## Directions for this task
Would you please retype, exactly, the lines of the listing below between the line with "Loftslysarmatur Flush Mount Light Loftslysarmatur" and the line with "Dewberry Plt8386 Erkek Palto", inclusive?

## Material shown
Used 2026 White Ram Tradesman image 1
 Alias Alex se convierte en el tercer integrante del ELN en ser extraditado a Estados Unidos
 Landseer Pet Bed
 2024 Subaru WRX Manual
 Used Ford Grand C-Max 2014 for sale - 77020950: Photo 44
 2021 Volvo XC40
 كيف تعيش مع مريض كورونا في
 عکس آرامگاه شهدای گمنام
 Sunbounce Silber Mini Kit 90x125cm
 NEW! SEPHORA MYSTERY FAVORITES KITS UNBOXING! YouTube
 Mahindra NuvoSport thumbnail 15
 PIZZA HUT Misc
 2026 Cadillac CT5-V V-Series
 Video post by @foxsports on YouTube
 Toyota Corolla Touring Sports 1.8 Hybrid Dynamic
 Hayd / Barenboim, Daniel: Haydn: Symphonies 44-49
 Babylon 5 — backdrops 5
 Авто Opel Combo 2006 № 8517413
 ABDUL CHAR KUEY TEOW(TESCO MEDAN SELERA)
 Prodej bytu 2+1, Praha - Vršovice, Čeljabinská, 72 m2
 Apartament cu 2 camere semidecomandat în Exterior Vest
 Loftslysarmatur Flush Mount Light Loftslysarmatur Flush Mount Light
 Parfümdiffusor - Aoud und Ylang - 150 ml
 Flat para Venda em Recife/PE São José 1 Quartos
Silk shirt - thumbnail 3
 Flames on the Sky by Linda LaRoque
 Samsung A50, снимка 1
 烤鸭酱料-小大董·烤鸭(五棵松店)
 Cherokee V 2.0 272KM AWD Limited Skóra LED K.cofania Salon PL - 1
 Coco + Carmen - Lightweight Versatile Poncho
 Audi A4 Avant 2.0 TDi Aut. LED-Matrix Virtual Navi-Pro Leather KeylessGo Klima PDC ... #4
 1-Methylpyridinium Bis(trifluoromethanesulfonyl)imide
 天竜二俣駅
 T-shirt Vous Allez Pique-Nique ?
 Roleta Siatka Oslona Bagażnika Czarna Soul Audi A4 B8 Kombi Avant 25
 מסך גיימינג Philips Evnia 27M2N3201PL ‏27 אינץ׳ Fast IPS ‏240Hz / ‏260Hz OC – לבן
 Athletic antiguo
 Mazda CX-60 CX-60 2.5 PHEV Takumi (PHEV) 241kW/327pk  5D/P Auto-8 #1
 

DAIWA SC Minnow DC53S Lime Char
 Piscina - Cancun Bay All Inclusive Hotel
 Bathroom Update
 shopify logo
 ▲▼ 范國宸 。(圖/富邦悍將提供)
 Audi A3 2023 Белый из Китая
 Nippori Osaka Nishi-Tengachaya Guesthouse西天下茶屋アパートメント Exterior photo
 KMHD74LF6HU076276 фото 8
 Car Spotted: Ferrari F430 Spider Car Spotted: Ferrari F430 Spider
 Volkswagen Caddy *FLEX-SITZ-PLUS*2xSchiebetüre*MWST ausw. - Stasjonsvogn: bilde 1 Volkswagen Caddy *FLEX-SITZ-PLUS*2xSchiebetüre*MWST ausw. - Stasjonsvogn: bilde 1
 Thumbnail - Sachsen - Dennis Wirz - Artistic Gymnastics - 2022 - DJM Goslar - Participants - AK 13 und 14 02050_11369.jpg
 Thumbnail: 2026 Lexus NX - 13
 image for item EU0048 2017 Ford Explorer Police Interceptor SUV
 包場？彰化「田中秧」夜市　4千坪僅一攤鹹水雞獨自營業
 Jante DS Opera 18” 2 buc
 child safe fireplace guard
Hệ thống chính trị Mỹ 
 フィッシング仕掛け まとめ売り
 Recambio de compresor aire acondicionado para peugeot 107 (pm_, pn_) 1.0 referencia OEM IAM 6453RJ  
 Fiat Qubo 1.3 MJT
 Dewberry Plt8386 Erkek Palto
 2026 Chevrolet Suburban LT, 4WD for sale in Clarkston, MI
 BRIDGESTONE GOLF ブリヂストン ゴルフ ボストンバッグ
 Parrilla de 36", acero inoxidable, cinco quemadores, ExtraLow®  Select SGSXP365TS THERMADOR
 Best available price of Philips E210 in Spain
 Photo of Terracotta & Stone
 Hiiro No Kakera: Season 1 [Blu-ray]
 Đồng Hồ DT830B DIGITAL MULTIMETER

## Answer
 Loftslysarmatur Flush Mount Light Loftslysarmatur Flush Mount Light
 Parfümdiffusor - Aoud und Ylang - 150 ml
 Flat para Venda em Recife/PE São José 1 Quartos
Silk shirt - thumbnail 3
 Flames on the Sky by Linda LaRoque
 Samsung A50, снимка 1
 烤鸭酱料-小大董·烤鸭(五棵松店)
 Cherokee V 2.0 272KM AWD Limited Skóra LED K.cofania Salon PL - 1
 Coco + Carmen - Lightweight Versatile Poncho
 Audi A4 Avant 2.0 TDi Aut. LED-Matrix Virtual Navi-Pro Leather KeylessGo Klima PDC ... #4
 1-Methylpyridinium Bis(trifluoromethanesulfonyl)imide
 天竜二俣駅
 T-shirt Vous Allez Pique-Nique ?
 Roleta Siatka Oslona Bagażnika Czarna Soul Audi A4 B8 Kombi Avant 25
 מסך גיימינג Philips Evnia 27M2N3201PL ‏27 אינץ׳ Fast IPS ‏240Hz / ‏260Hz OC – לבן
 Athletic antiguo
 Mazda CX-60 CX-60 2.5 PHEV Takumi (PHEV) 241kW/327pk  5D/P Auto-8 #1
 

DAIWA SC Minnow DC53S Lime Char
 Piscina - Cancun Bay All Inclusive Hotel
 Bathroom Update
 shopify logo
 ▲▼ 范國宸 。(圖/富邦悍將提供)
 Audi A3 2023 Белый из Китая
 Nippori Osaka Nishi-Tengachaya Guesthouse西天下茶屋アパートメント Exterior photo
 KMHD74LF6HU076276 фото 8
 Car Spotted: Ferrari F430 Spider Car Spotted: Ferrari F430 Spider
 Volkswagen Caddy *FLEX-SITZ-PLUS*2xSchiebetüre*MWST ausw. - Stasjonsvogn: bilde 1 Volkswagen Caddy *FLEX-SITZ-PLUS*2xSchiebetüre*MWST ausw. - Stasjonsvogn: bilde 1
 Thumbnail - Sachsen - Dennis Wirz - Artistic Gymnastics - 2022 - DJM Goslar - Participants - AK 13 und 14 02050_11369.jpg
 Thumbnail: 2026 Lexus NX - 13
 image for item EU0048 2017 Ford Explorer Police Interceptor SUV
 包場？彰化「田中秧」夜市　4千坪僅一攤鹹水雞獨自營業
 Jante DS Opera 18” 2 buc
 child safe fireplace guard
Hệ thống chính trị Mỹ 
 フィッシング仕掛け まとめ売り
 Recambio de compresor aire acondicionado para peugeot 107 (pm_, pn_) 1.0 referencia OEM IAM 6453RJ  
 Fiat Qubo 1.3 MJT
 Dewberry Plt8386 Erkek Palto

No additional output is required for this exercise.